Intel Gaudi provides two methods of profiling:

  • PyTorch based profiling using Tensorboard - A high-level profiling system where host and device information is presented as a summary:

    • Beginner friendly method which can be used to view the big picture before narrowing down on issues.

    • Offers suggestions and guidance to improve performance and basic optimizations.

  • Intel Gaudi Profiling subsystem - A low-level profiling method that offers fine-grained details of the Gaudi device:

    • Recommended for advanced users who are more familiar with Gaudi Architecture.

    • Useful for examining specific compute core utilization and performing time-slice analysis of each operation running on the device.

For details on high-level and low-level profiling architecture, refer Profiling Architecture.

Running Profiling

  • Run your application with high-level profiling enabled first:

    • Gather host and device execution and memory consumption summaries and determine if processes are host-bound or device-bound (refer HPU Overview).

    • Observe the recommendations suggested by the Intel Gaudi Tensorboard plugin in the Tensorboard dashboard.

    • Based on above recommendations, take steps to mitigate host-boundedness such as optimizing dataloader, reducing host-device memory transfers and minimizing size of accumulated graphs.

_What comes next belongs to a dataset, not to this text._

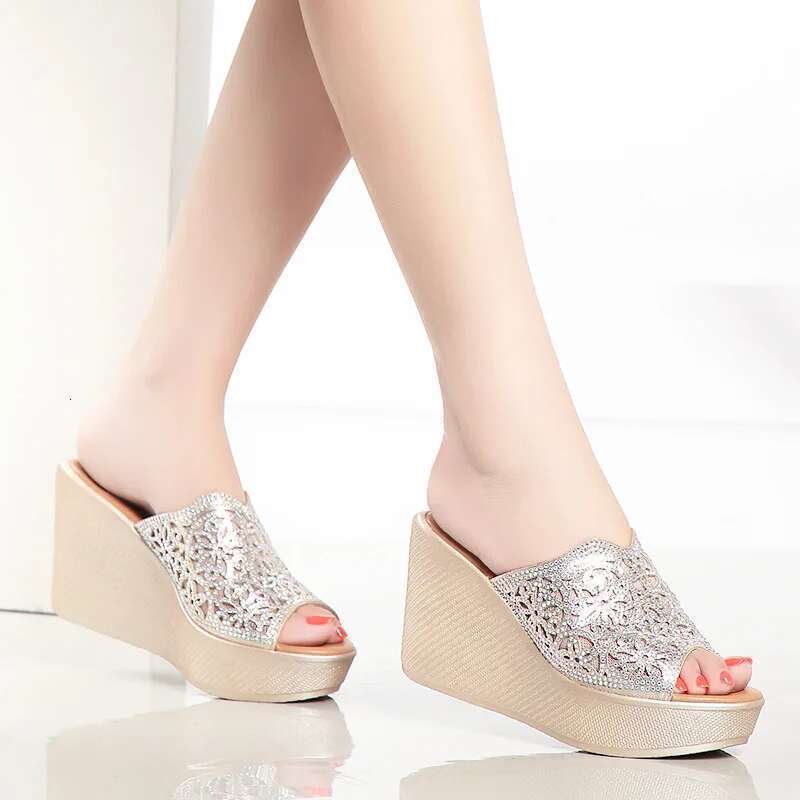 wedge quality summer sandals for women 8cm high heel new 2025 size 32 33 43 platform open toe elegant shoe sier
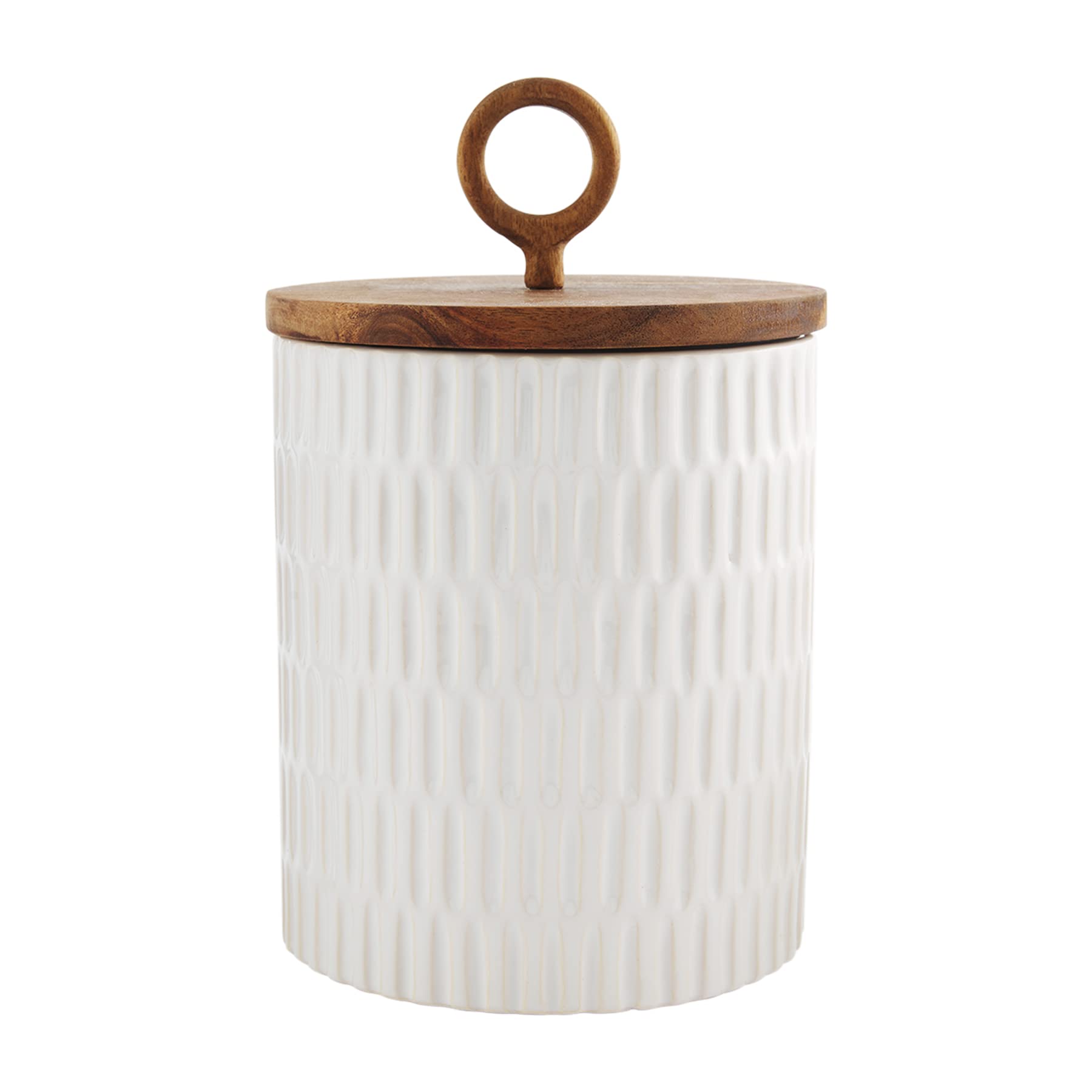 Amazon.com: Mud Pie Stoneware Canister Set, Cream, small 8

    • Improve performance by maximizing batch size, enabling mixed precision and other techniques mentioned here in Model Optimization Checklist.

    • Upload trace profile .json to https://perfetto.habana.ai and identify bottlenecks indicated by large gaps in time-slices between operations in the trace profile viewer.

  • Once satisfied with host level optimizations, focus on the low-level profiling using the Intel Gaudi Profiler.

    • Capture Intel Gaudi software API calls and hardware traces.

    • Upload trace profile .hltv files to https://perfetto.habana.ai and identify bottlenecks as mentioned above.

    • Use the in-built Trace Analyzer tool for analyzing overall duration of operations and core utilization.

    • For larger traces, consider using the Offline Trace Parser for detailed timeline analysis.

    • Refer Profiling Tips and Tricks for further understanding of each executed node.

Examples

To gain a sound understanding of the profiling process used in different real-world scenarios consider the Profiling Real-World Examples. To learn about profiling with a more hands-on approach, refer to the Profiling and Optimization Tutorial.